Task to carry out:
Please retype exactly the lines from the one containing "Mermaid Series Cross" through the end of the records, leaving out the pictures.

---------- Data to process ----------

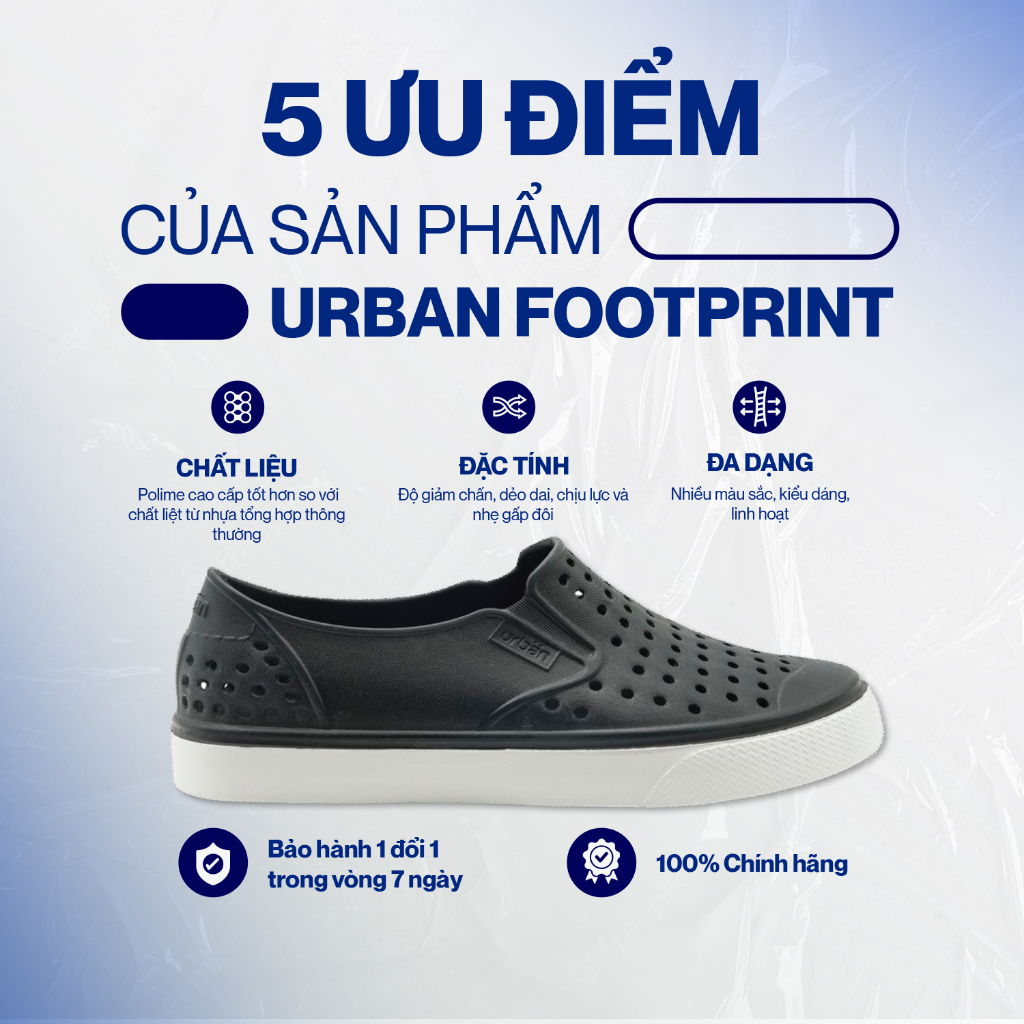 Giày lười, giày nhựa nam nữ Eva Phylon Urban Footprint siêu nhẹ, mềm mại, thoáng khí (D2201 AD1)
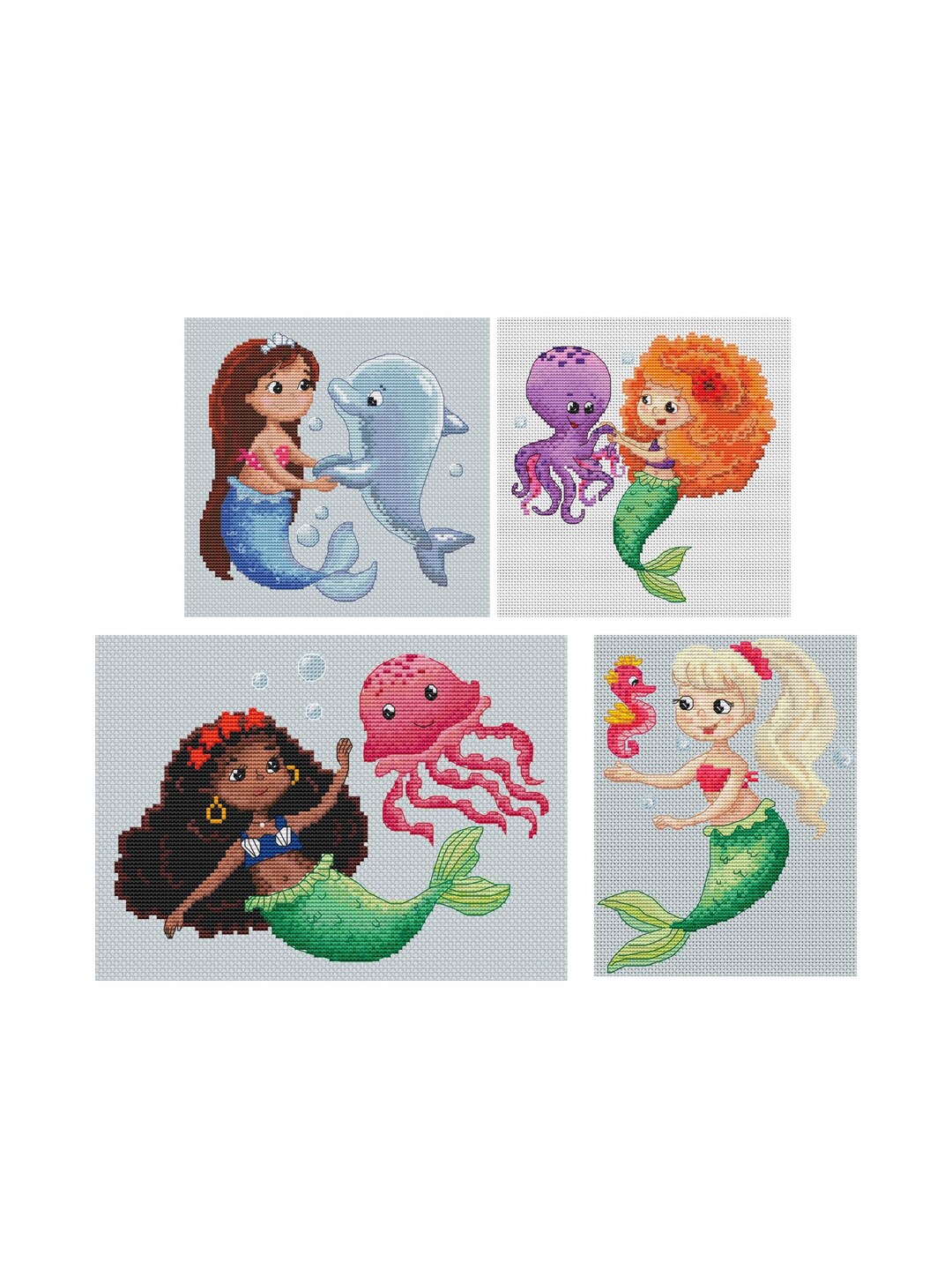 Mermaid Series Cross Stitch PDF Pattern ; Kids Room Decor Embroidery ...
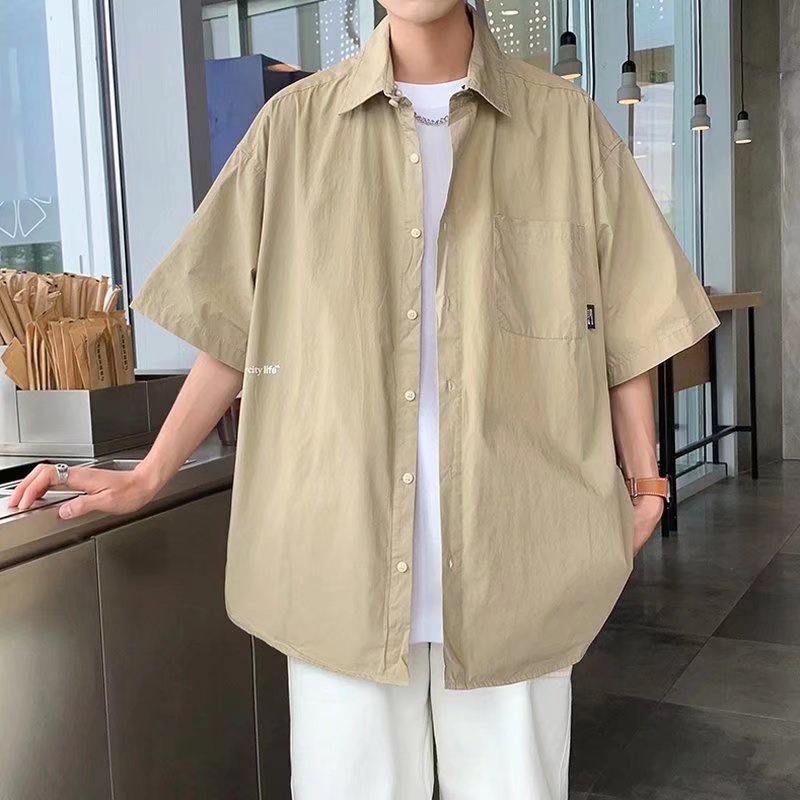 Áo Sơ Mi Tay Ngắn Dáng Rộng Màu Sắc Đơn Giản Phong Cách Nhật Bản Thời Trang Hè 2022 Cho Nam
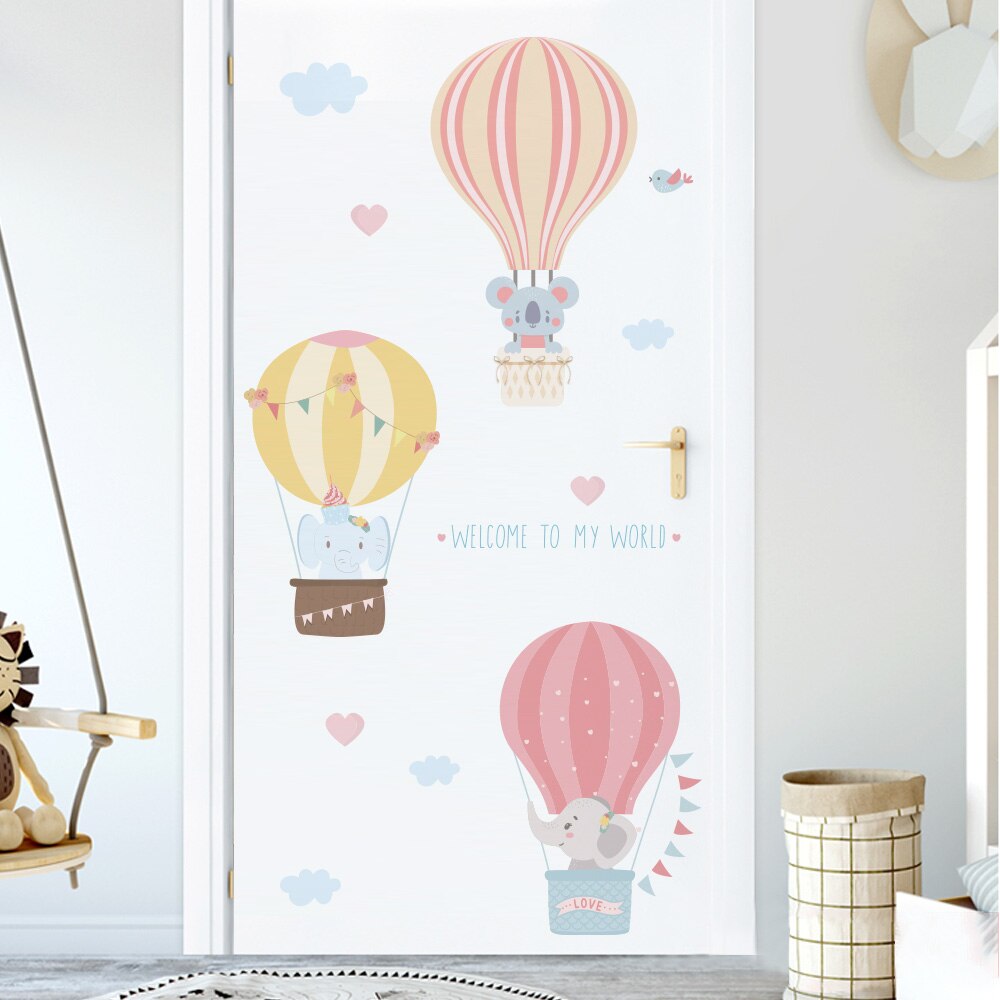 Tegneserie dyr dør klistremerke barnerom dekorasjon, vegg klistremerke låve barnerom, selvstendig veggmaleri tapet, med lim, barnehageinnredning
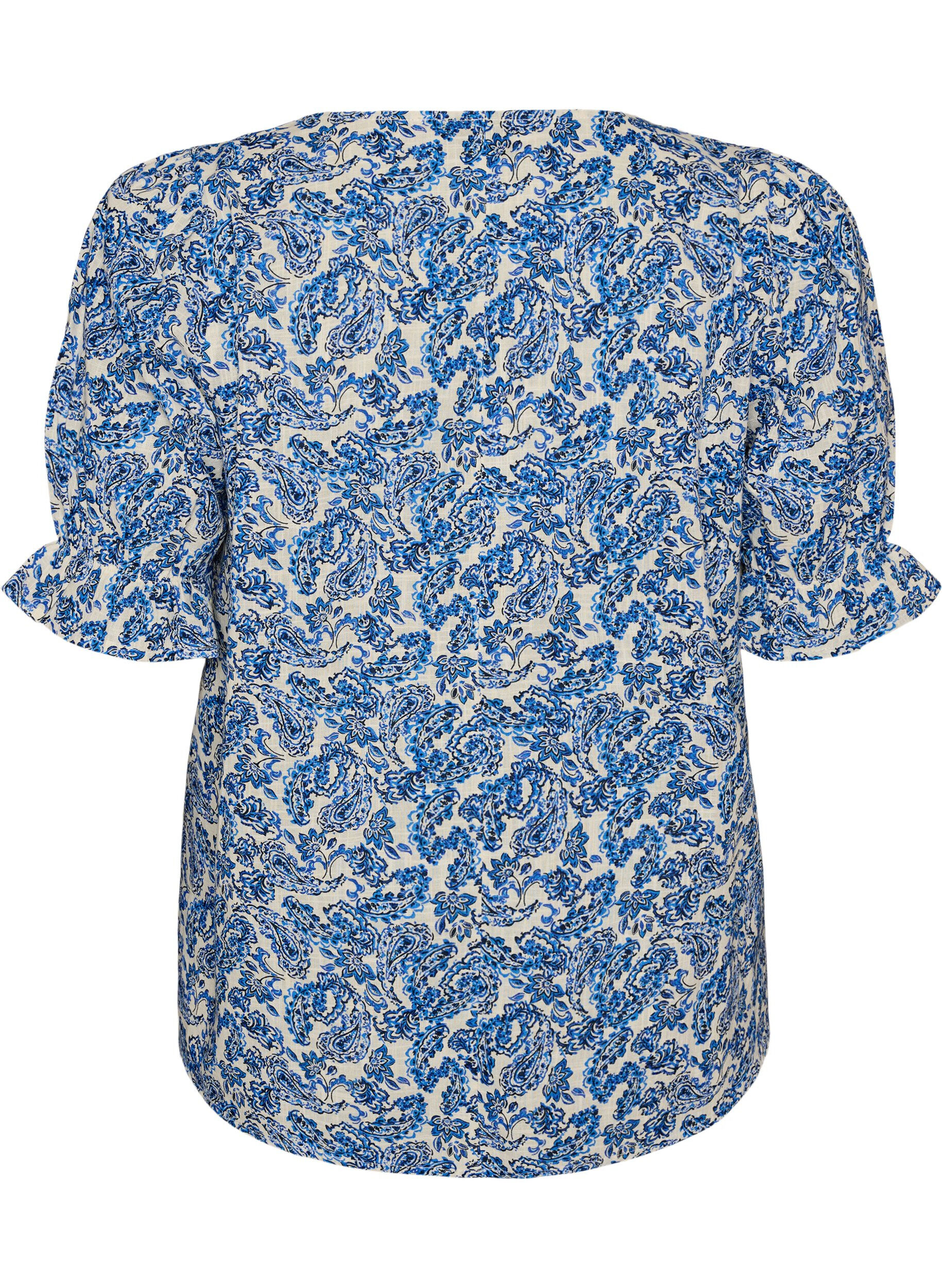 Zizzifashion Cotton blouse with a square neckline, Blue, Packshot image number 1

----------

Result:
 Mermaid Series Cross Stitch PDF Pattern ; Kids Room Decor Embroidery ...
 Áo Sơ Mi Tay Ngắn Dáng Rộng Màu Sắc Đơn Giản Phong Cách Nhật Bản Thời Trang Hè 2022 Cho Nam
 Tegneserie dyr dør klistremerke barnerom dekorasjon, vegg klistremerke låve barnerom, selvstendig veggmaleri tapet, med lim, barnehageinnredning
 Zizzifashion Cotton blouse with a square neckline, Blue, Packshot image number 1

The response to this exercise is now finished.